The ‘Bumpy Road’ between Cuba and America

By Jan Servaes*

MIAMI, USA. 29 September 2023 (IDN) — “As many people who know Cuba and Miami well have observed, each is a peculiar mirror of the other. … It is impossible to understand the Cuban Revolution without understanding Miami, and it is impossible to understand Miami without understanding the Cuban Revolution,” writes Ada Ferrer on page 419 of her masterful Pulitzer Prize Winner book: Cuba. An American History. Ferrer has been the Julius Silver Professor of History and Latin American and Caribbean Studies at New York University since 1995.

On previous occasions, Miami was a stopover for me on the way to Latin America. Now that I have been in Miami for a few weeks, I have become fascinated by this cultural, ideological and ethnic melting pot.

Ada Ferrer’s book has served as a good guide. It is an attempt to correct and partly even refute the binary interpretations of Washington and Havana. It covers more than five centuries and makes us witness the development of the modern nation, with its dramatic record of conquest and colonization, of slavery and freedom, of independence and revolutions made and failed.

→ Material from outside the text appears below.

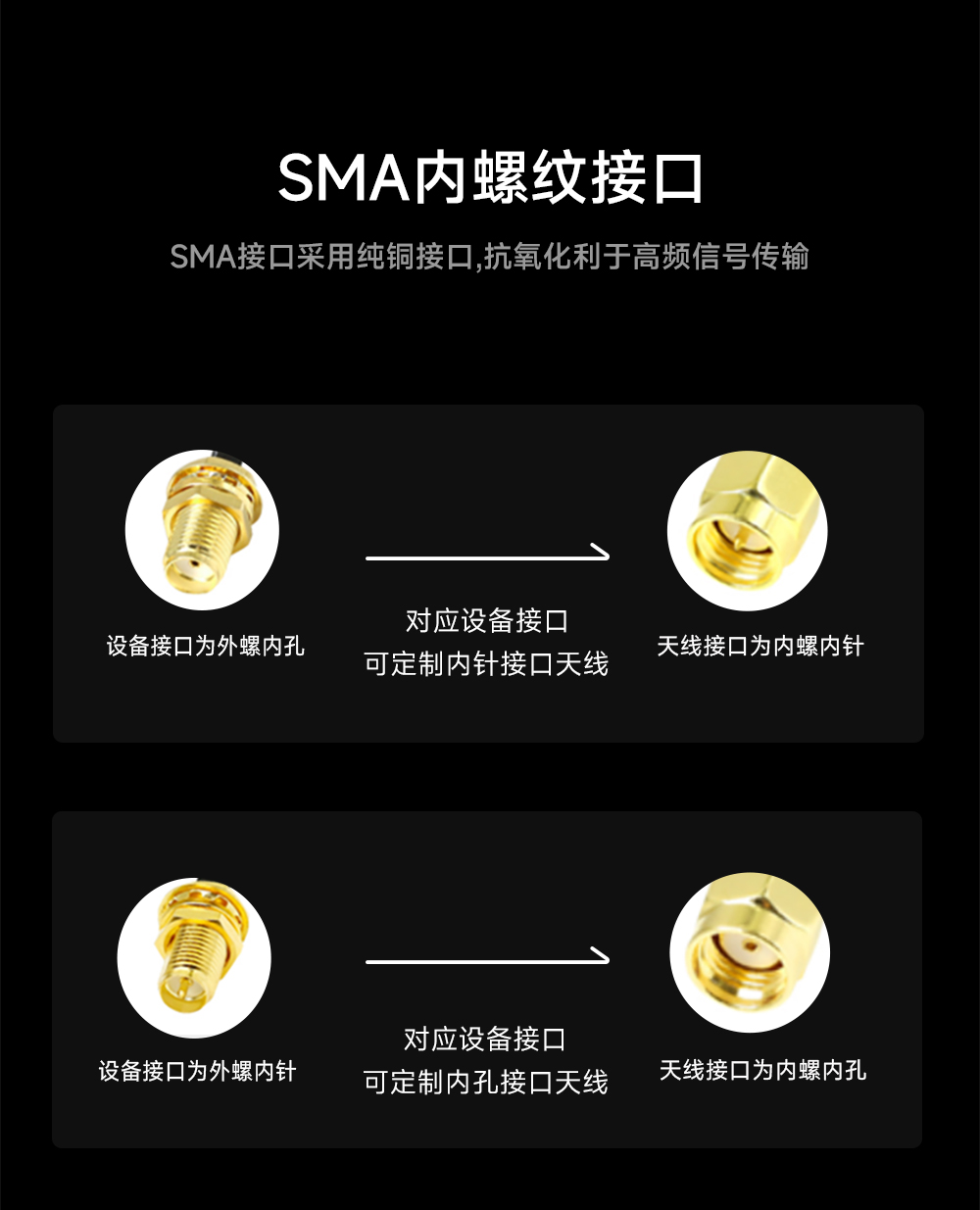 吸盘天线 (11) 吸盘天线 (11)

Along the way, Ferrer explores the sometimes surprising, often tense intimacy between the two countries, documenting not only the influence of the United States on Cuba, but also the many ways in which the island—90 miles off the coast of Florida—has been often present in American affairs. The common thread that runs through the 33 engaging and well-written chapters is the presence of Cuba’s larger neighbor to the north.

Another important goal of the book is to foreground within mirror histories the experiences of ordinary communities and people who have had little access to power.

Ada Ferrer

Ada Ferrer was born in Cuba but raised in the United States. She has been traveling to the island since 1990 for research and to visit family and friends.

This is not Ferrer’s first widely acclaimed book. She is already the author of “Insurgent Cuba: Race, Nation, and Revolution, 1868–1898, ”winner of the Berkshire Book Prize for the best first book by a woman in any field of history, and “Freedom’s Mirror: Cuba and Haiti in the Age of Revolution,” which won her the Frederick Douglass Book Prize from the Gilder Lehrman Center at Yale University, as well as multiple awards from the American Historical Society.

The ‘Bumpy Road’ operation

On April 17, 1961, CIA-backed Cuban exiles carried out an ambitious amphibious landing on a remote part of the Cuban coast. The now infamous Bay of Pigs —the CIA codenamed it “Bumpy Road”—was a military failure. If the invasion had succeeded, Washington expected the end of the nascent revolution in Cuba.

“It is expected,” reads the 4 January 1961 CIA report, “that these operations will precipitate a general uprising throughout Cuba and cause the revolt of large segments of the Cuban Army and Militia.” Ada Ferrer cynically notes that such a view was “optimism bordering on lunacy” (p. 359).

In reality, most Cubans were more than happy to see the departure of Fulgencio Batista, the US-backed military dictator who had dominated Cuban politics on and off since 1933.

It was only when, around 1963, Castro’s regime took a clear turn towards state-led socialism that domestic opinion became divided. Thousands of Cubans fled the island where they were born (including Ferrer’s parents), and most tried to settle in Miami.

“Americans owned so much in Cuba, and Washington was so accustomed to wielding power there, that for  the revolution to follow through on its promises necessarily threatened US interests. As US hostility grew increasingly apparent, it was easier for the Cuban government to defend radical measures not only on the basis of any inherit merit, but also on the basis of sovereignty and patriotis. … But the outlines of a major conflict were  present almost from the start and becoming clearer by the  day” (p. 350).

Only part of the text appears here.